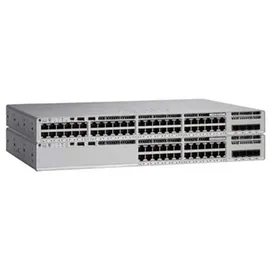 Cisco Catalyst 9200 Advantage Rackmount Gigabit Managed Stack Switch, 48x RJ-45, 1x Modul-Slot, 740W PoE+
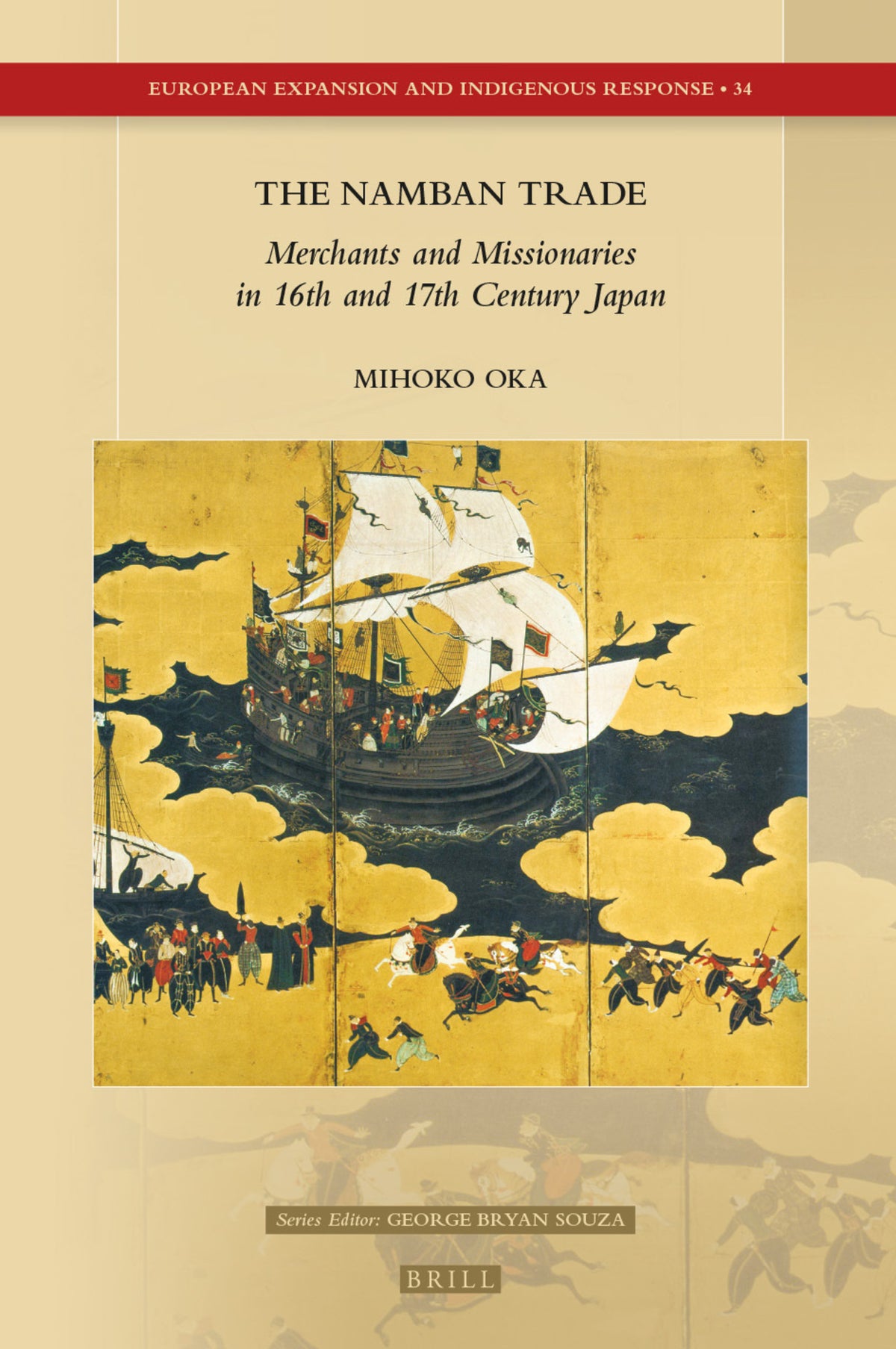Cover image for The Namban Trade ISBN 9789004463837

┄┄┄┄┄┄┄┄┄┄

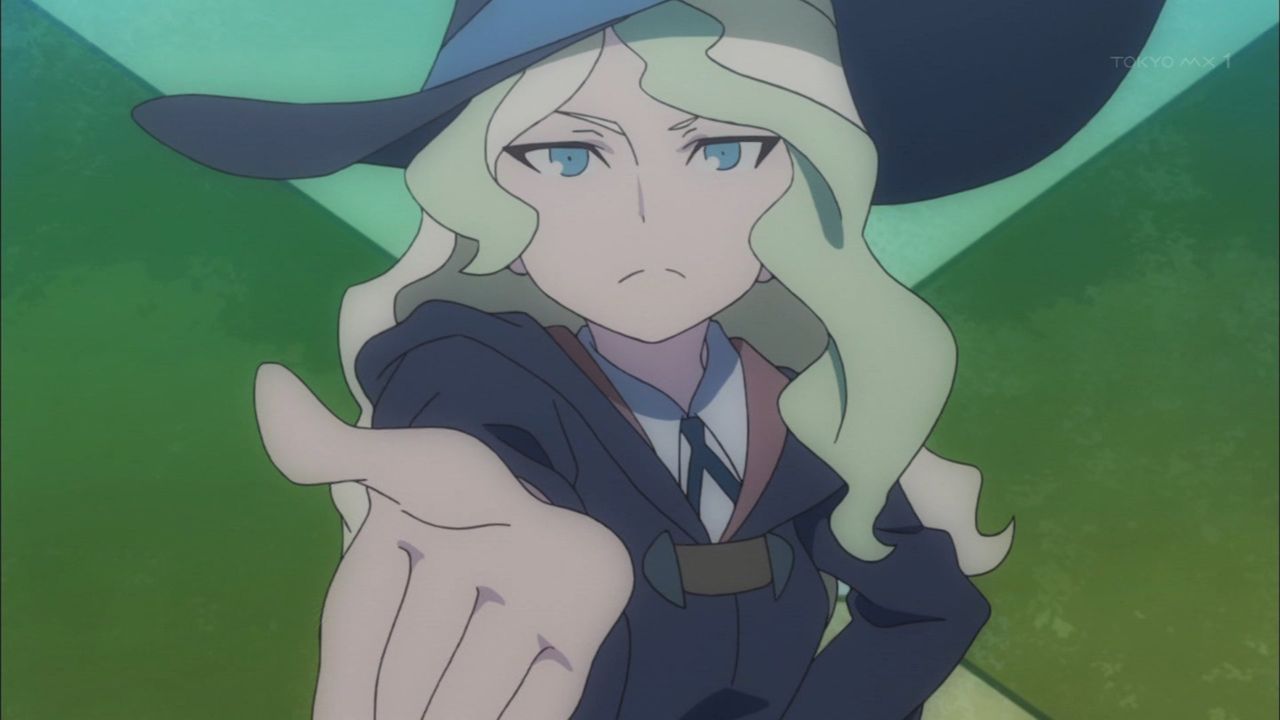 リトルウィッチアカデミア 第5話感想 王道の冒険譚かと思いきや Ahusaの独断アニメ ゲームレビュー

┄┄┄┄┄┄┄┄┄┄

Return exactly the lines that appear in the data above between the line containing "Cisco Catalyst 9200" and the line containing "Cover image for", both of which are included, and leave the pictures out.

* Worked solution *
 Cisco Catalyst 9200 Advantage Rackmount Gigabit Managed Stack Switch, 48x RJ-45, 1x Modul-Slot, 740W PoE+
Cover image for The Namban Trade ISBN 9789004463837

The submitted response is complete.